Friday, May 16, 2008

The Ethics of Check-Raising

There are some amateur poker players who find something reprehensible about check-raising. They find it devious and deceitful and consider people who use it to be less than well-bred. Well, check-raising is devious and it is deceitful, but being devious and deceitful is precisely what one wants to be in a poker game, as is implied by the Fundamental Theorem of Poker.
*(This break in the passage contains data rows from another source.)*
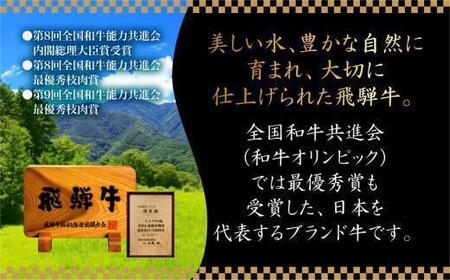 5等級 飛騨牛 肩ロース しゃぶしゃぶ 800g | 冷凍 肉 牛肉 和牛 黒毛和牛 しゃぶしゃぶ 鍋 飛騨高山 ながせ食品 FH010VC13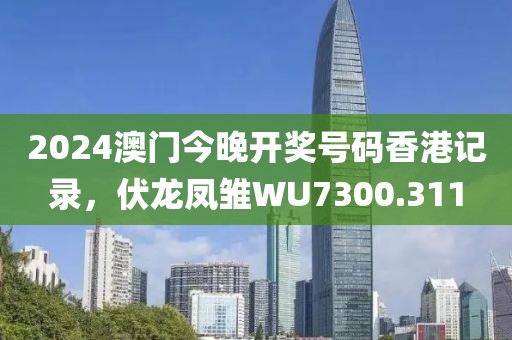 2024澳門今晚開獎號碼香港記錄，伏龍鳳雛WU7300.311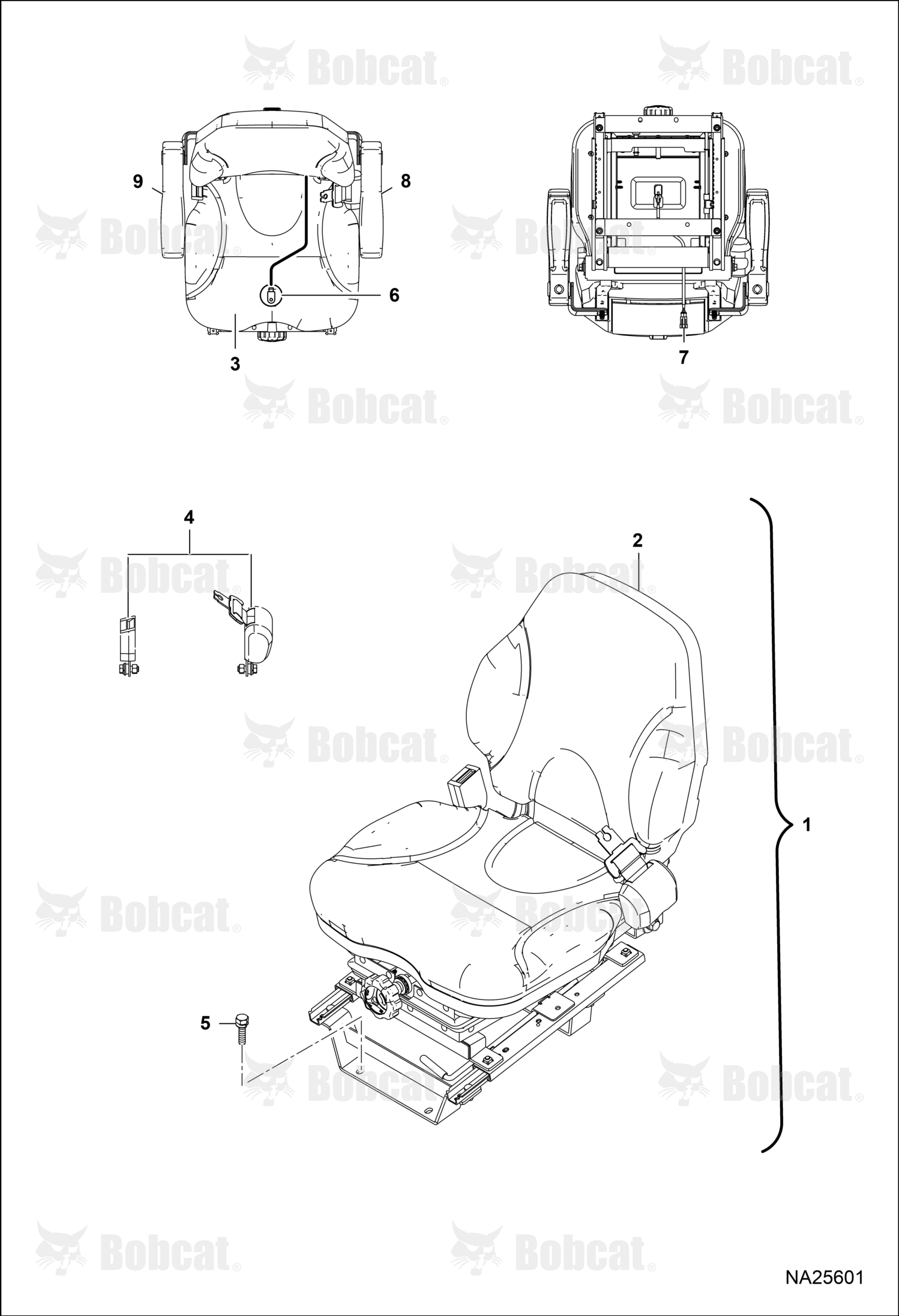 Belt Seat Assembly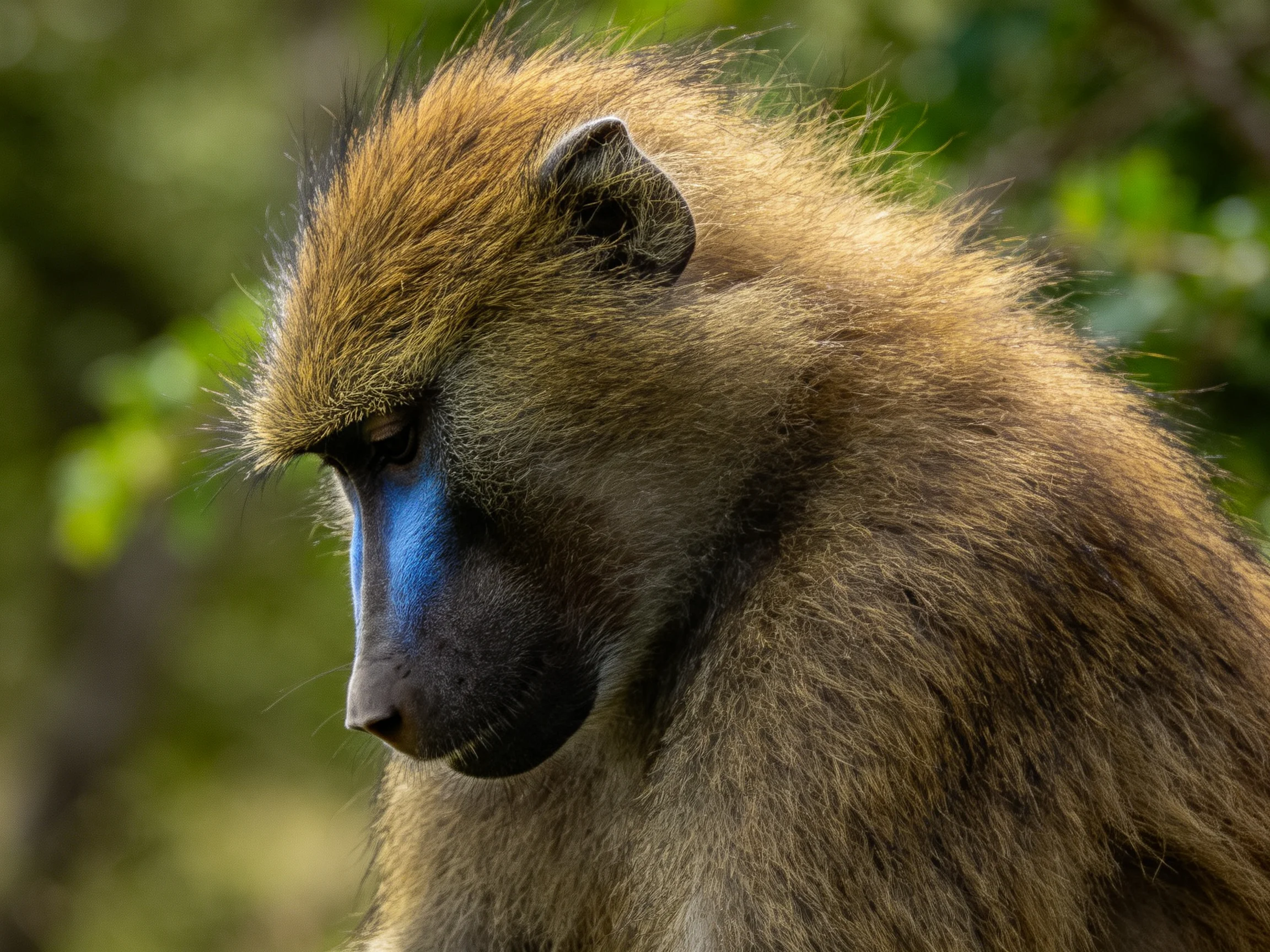 Baboon with blue facial marking and brown fur in nature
Checking with the intention of raising is one way to do that. In a sense, check-raising and slowplaying are the opposites of bluffing, in which you play a weak hand strongly. If check-raising and slowplaying were not permitted, the game of poker would lose just about as much as it would if bluffing and semi-bluffing were not permitted. Indeed the two types of play complement one another, and a good player should be adept at both of them. The check-raise; is a powerful weapon. It is simply another tool with which a poker player practices his art. Not allowing check-raising in your home game is something like not allowing, say, the hit and run in a baseball game or the option pass in a football game. Without it poker loses a significant portion of its strategy, which, apart from winning money, is what makes the game fun. I'm much more willing to congratulate an opponent for trapping me in a check-raise than for drawing out on me on a call he shouldn't have made in the first place - and if I am angry at anyone, it is at myself for falling into the trap.